L’Engle, Madeleine. Walking on Water: Reflections on Faith and Art. Wheaton, IL: Harold Shaw Publishers, 1980. Print.

  1. Marie Pinkham permalink
    Tuesday, September 2, 2014 4:45 pm

    Thanks, Kaye. This is very helpful. I’m pounding out my first draft, and it’s so hard not to want to go back and fix every little thing now.So, I’ll follow your advice, stymie the little critic, and keep pounding away! Blessings, Marie


    • Tuesday, September 2, 2014 8:38 pm

      Hi, Marie!

      When I first started writing what would become Stand-In Groom, I wrote ten chapters. Then I hooked up with my very first critique partners and, based on their feedback, scrapped those ten chapters and went back and wrote another beginning—of about ten chapters. And then I started graduate school and got new critique partners, and a faculty mentor. And I scrapped that second beginning and started again.
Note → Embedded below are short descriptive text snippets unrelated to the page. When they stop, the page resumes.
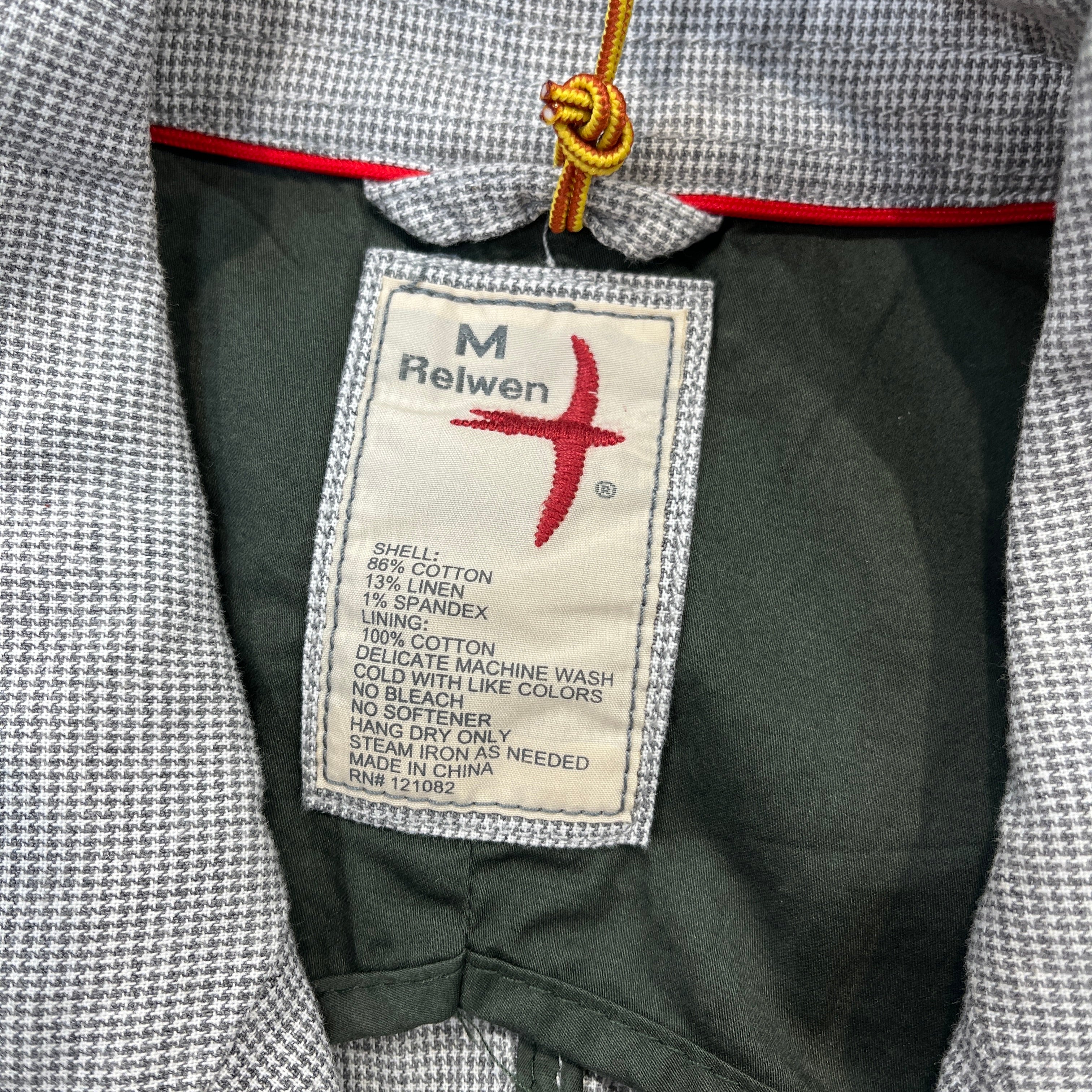 Relwen/Jacket/M/GRY/Hombre Check/BLAZER GREY BUTTON NWT view 3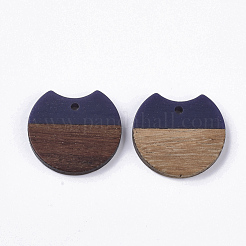 Pendentifs en bois de résine et de noyer&nbsp;RESI-T023-A-11K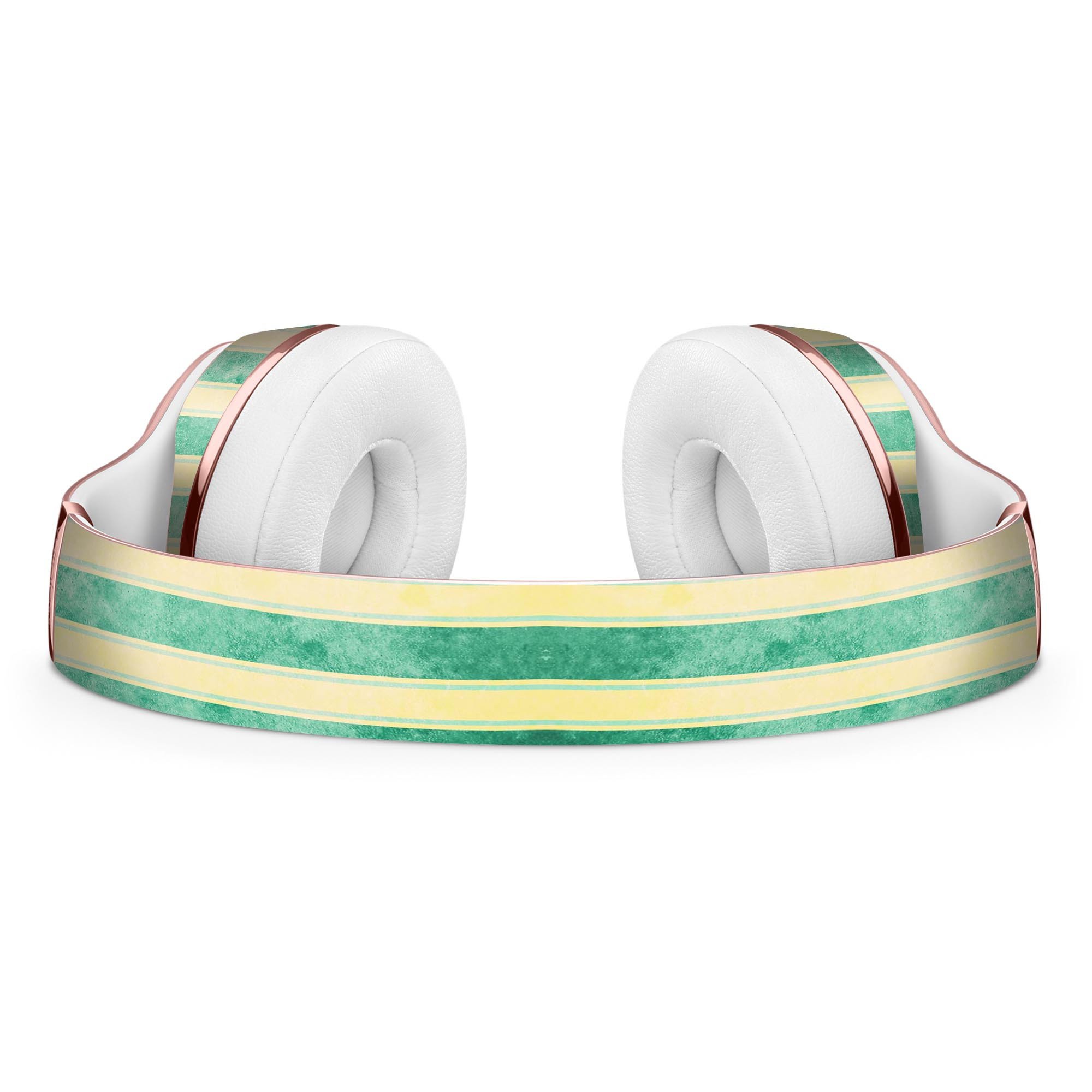 Green Grunge Vertical Stripes Skin Kit for Beats by Dre Solo 3 Wireless Headphones, showcasing vibrant colors and unique design.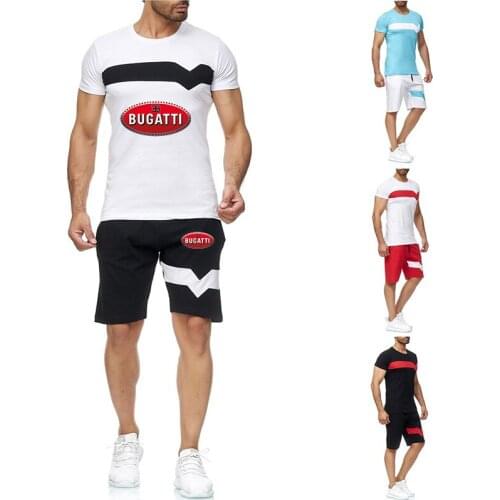 2021 Bugatti Logo Summer Sportswear Suit New Mens Casual Sportswear Cotton T-shirt Shorts Two-piece Fashion Fitness Track Suit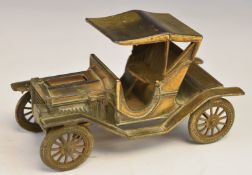 Novelty table lighter formed as a veteran or vintage model T Ford car, length 12.5cm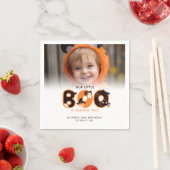 Little Boo 2つのフォトハロウィーンの誕生日を回す スタンダードカクテルナプキン (インサイチュ)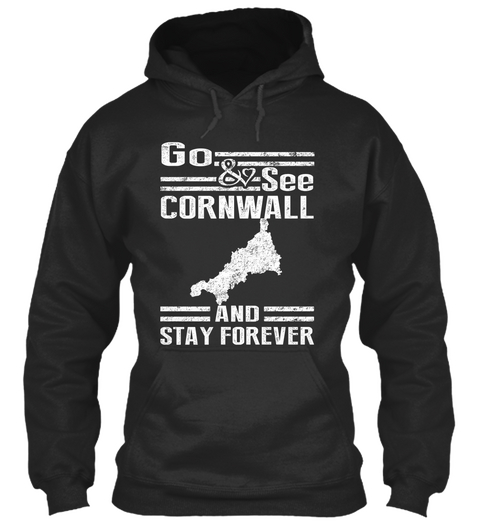 Go & See Cornwall And Stay Forever Jet Black Camiseta Front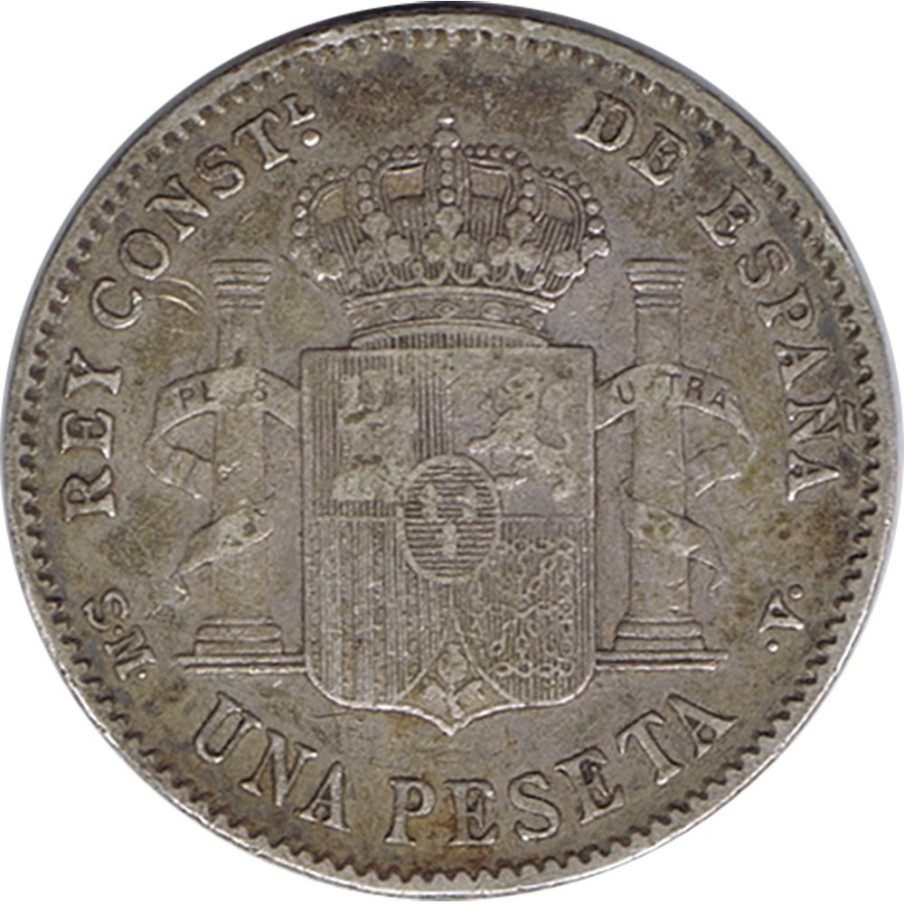 1 Peseta Plata 1900 *00 Alfonso XIII SM V.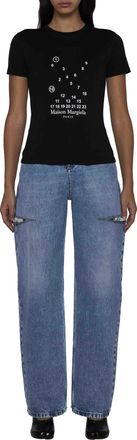 Maison Margiela Womens Jeans High-Waisted Wide-Leg Cut-Out Blue Cotton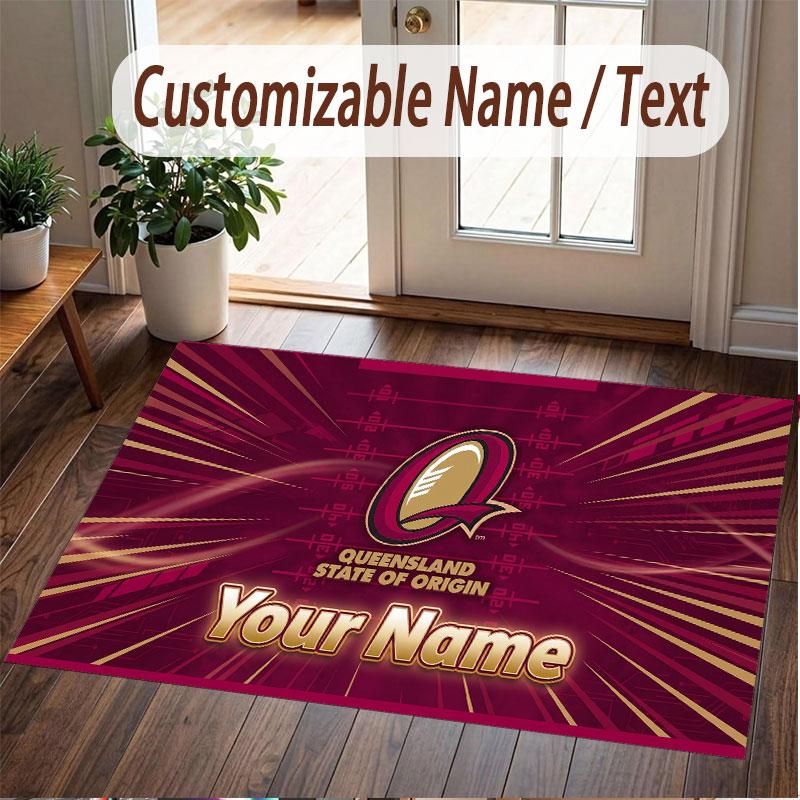 Custom Rug Queensland Maroons Pattern Print Name Text Soft Non‑Slip Floor Carpet for Home Indoor Decoration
      And then, about fifteen chapters into this latest version, I came up with the secret-identity plot. It was so tempting to go back, scrap what I’d already written, and start all over again. But I knew if I did that, I’d never meet my deadline of completing my manuscript by the end of my first year of grad school.

      Instead of trying to “fix” what I’d already written (or completely rewriting it at that time), I sat down and made a bunch of notes of things I’d need to change after I finished writing the first draft. Every time something came up as I continued writing forward in the manuscript, I would add to that list.

      By the time I wrote “The End,” so much of what I though I was going to need to put into or change in those first chapters was either unnecessary, or, based on what happened in the story and with the characters as I wrote the last half of the manuscript, was completely different.

      And even after completing the “first draft,” I ended up changing the beginning a couple of times—a complete rewrite in the second draft and additional changes/tweaks the next several times through.

      So that was my object lesson in why it’s so important to just keep writing forward and resist the temptation to go back and “fix” what’s already written.